The high street retailer’s branch at the Gyle shopping centre in Edinburgh is expected to be followed by others in Aberdeen, Glasgow and at the Braehead centre between Glasgow and Paisley.
Together with its joint venture partner HSBC, it has spent three and a half years preparing to turn M&S Money into a fully fledged bank, offering current accounts and eventually mortgages.
The first instore branch in Britain opened last month in London’s Marble Arch outlet. It is hiring 500 staff on top of its current 1,700 headcount, including 100 working on head office functions such as helping customers to switch accounts.
Opening the Gyle branch yesterday, M&S Bank deputy chief executive Crawford Prentice said the firm will have more than 20 branches by the end of the year and aims to have more than 50 by December 2013.
The first current accounts will go live in November, and the bank will be using the branches and the retail group’s marketing resources to attract applications. However, it has no plans to market itself to the wider public.
Prentice said: “If you are not a regular shopper in Marks & Spencer then the current account won’t appeal to you.”
The account will cost between £15 and £20 a month, depending on the package. In exchange, users get a variety of vouchers to be used in stores and at the group’s cafes.
The close targeting at an existing customer base means M&S was able to design the bank’s products and the branches using detailed consultation exercises. It built a test branch at its Chester HQ, then re-built it to match specifications set out by customers. That has led to some unusual choices: the bureau de change counters – already a feature of 120 M&S stores – remain, but will not be used for banking. Instead, the softly furnished lounge-style branches have a self-service system with staff on hand to help and a number of booths for private meetings.

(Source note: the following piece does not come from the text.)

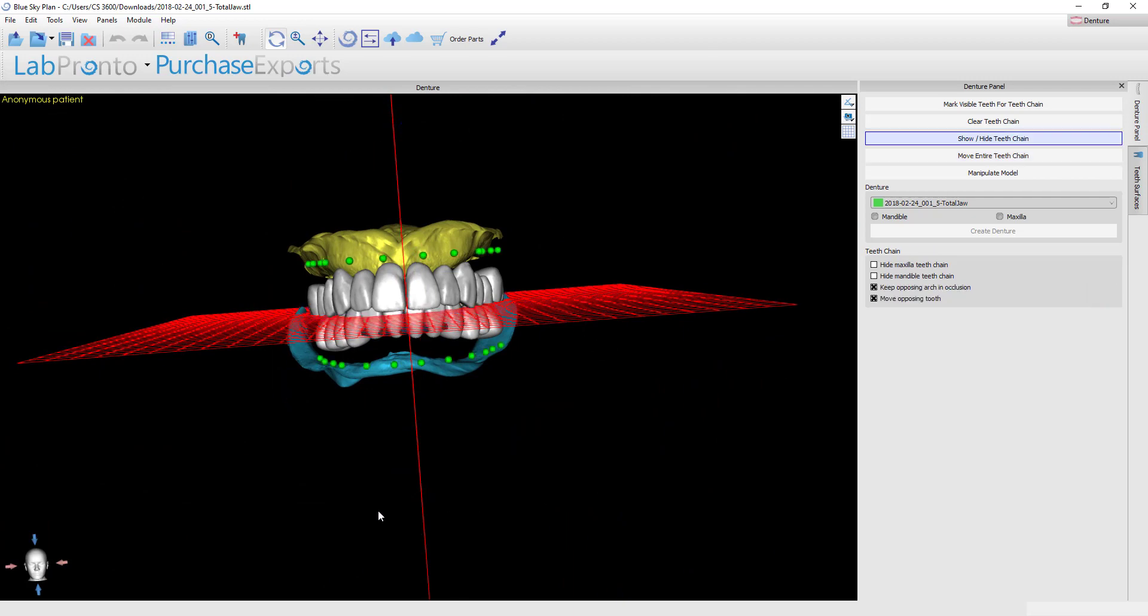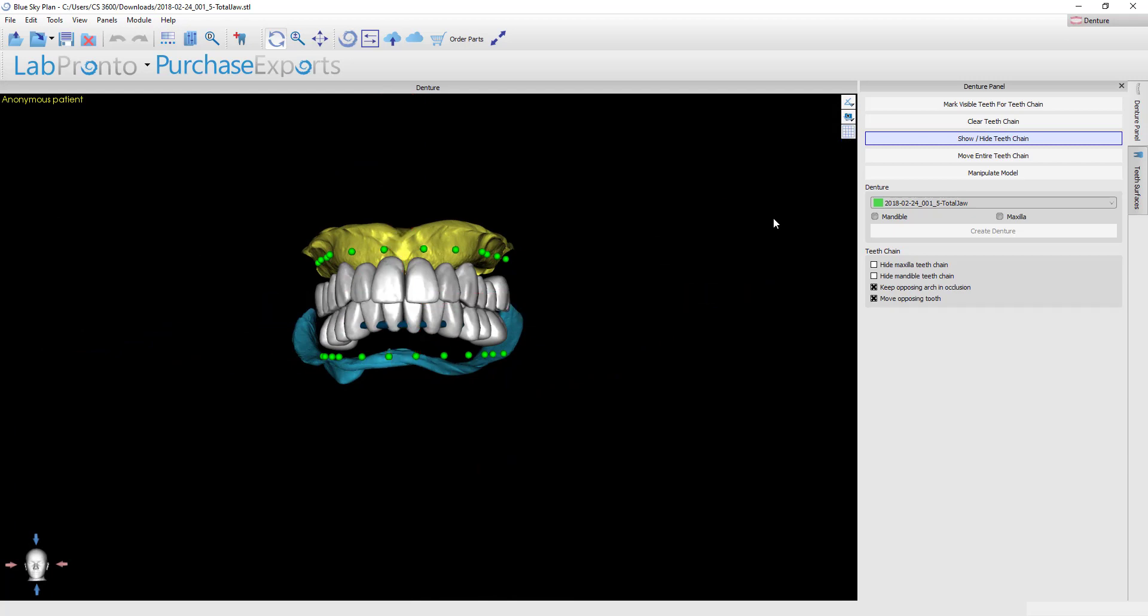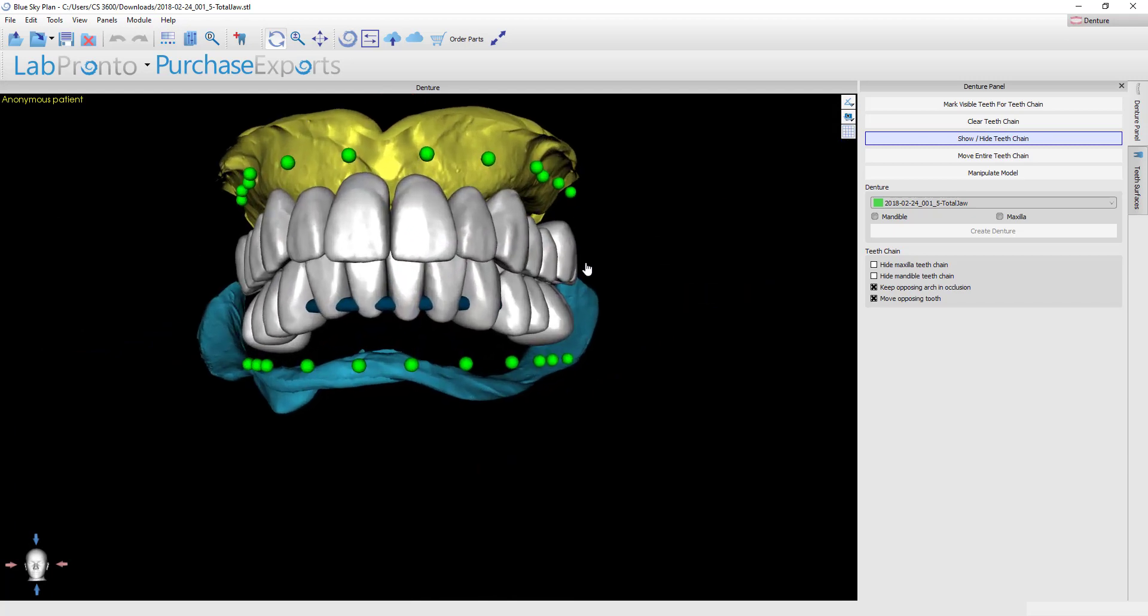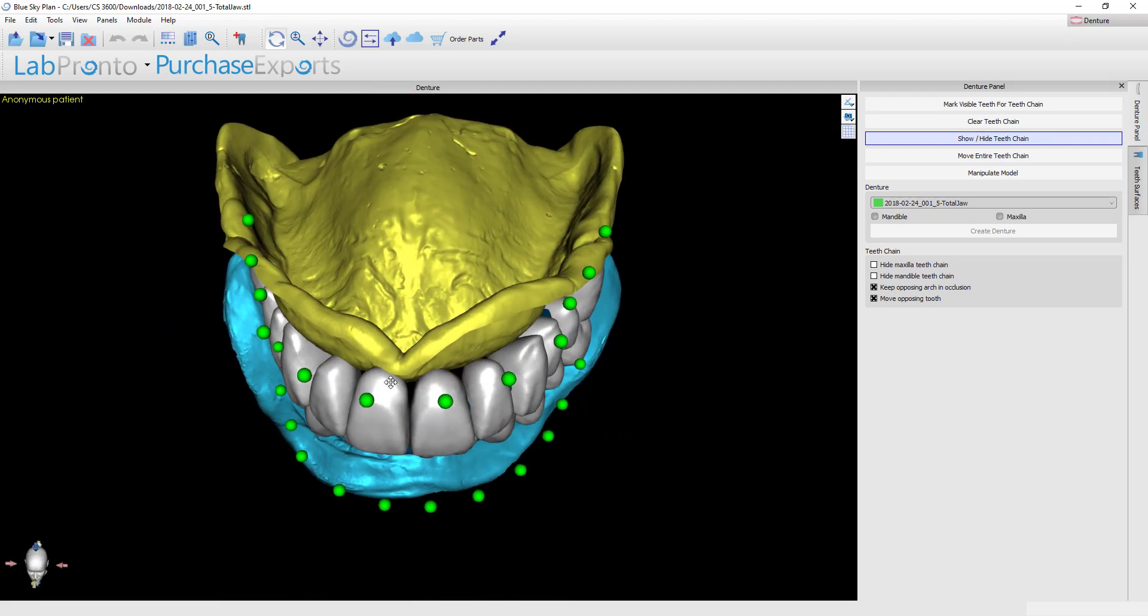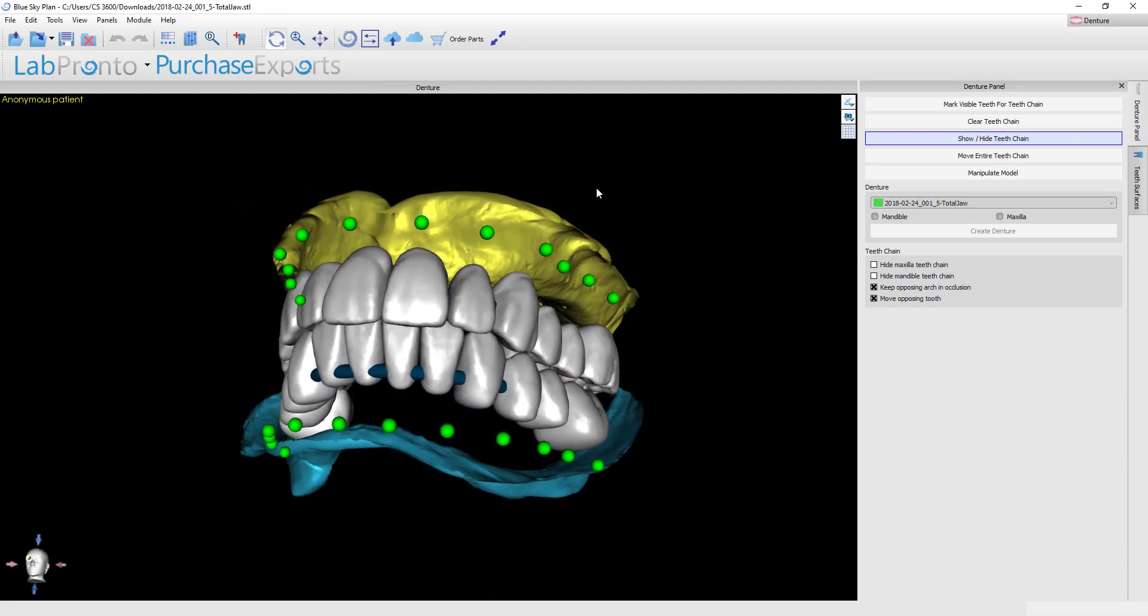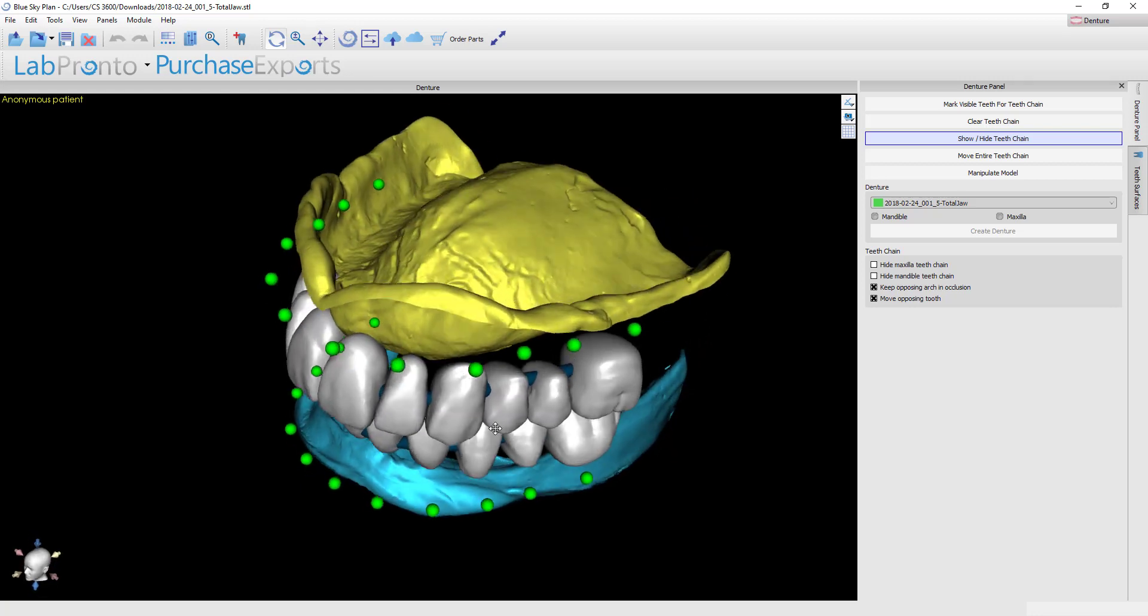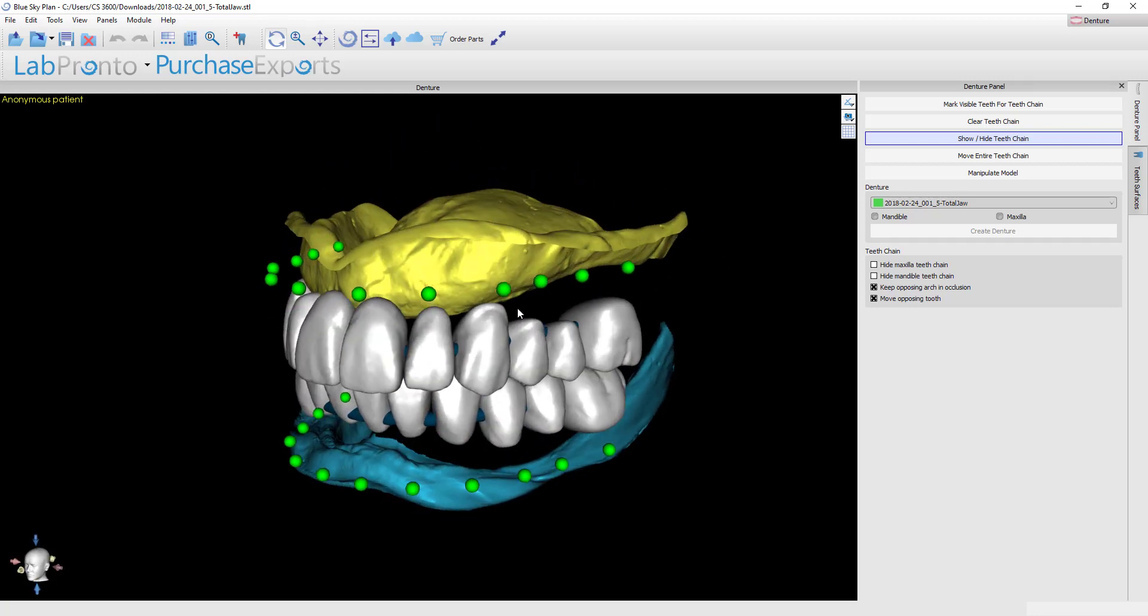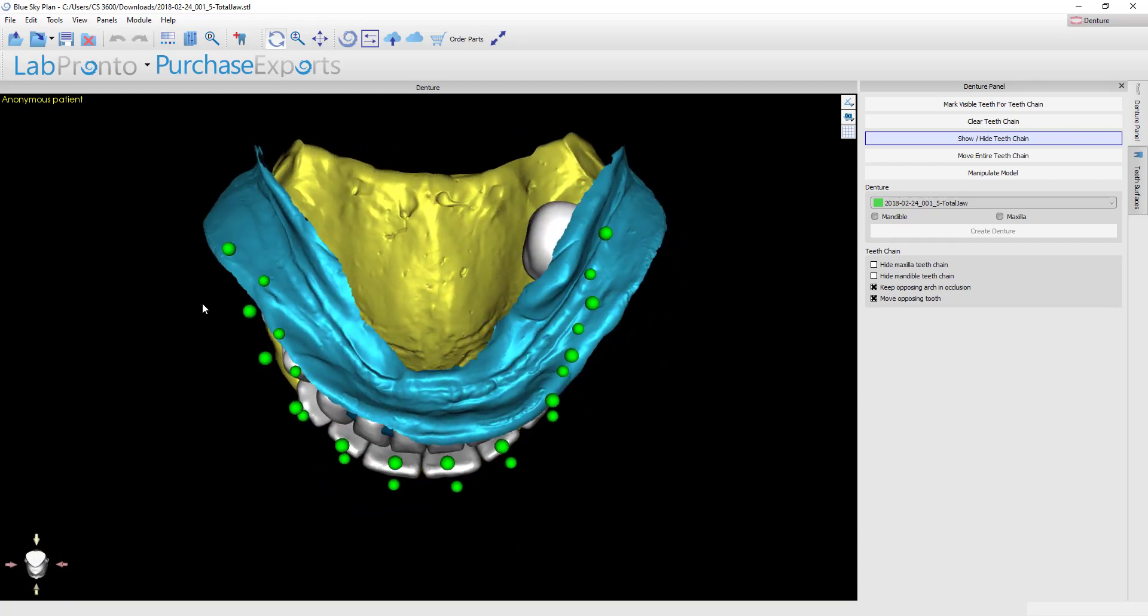By doing that it reestablishes the proper distance between the teeth and it will allow you to now turn this tooth chain button on. When you turn on the tooth chain button you're going to see a bunch of nodes appear over each tooth and what these allow you to do is to now lock the teeth at a particular position and then you could rotate and hinge all of the teeth behind that off of that distal of the tooth that you locked.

There is also internet access and a telephone for those wishing to try those systems under supervision.
Customers will be given a pager and encouraged to browse the shop while they wait for an appointment, and the banks will be open the same hours as the stores, including weekends. As a consequence, each has a staff of 18.
Customers have even specified the furniture – armchairs and not sofas – and the debit cards have been designed by Sir Terence Conran.
The bank may have narrowed its appeal, but it has chosen a large niche. Marks & Spencer estimates it has about 12 million regular customers. M&S Money already has 2.7 million credit card customers and 1 million using its savings and loans.
Prentice said the new bank has not set targets for how many customers it wants to attract, but is prepared for “as many or as few customers” as it may get. Mortgages will not be launched in 2012, but soon after, he said.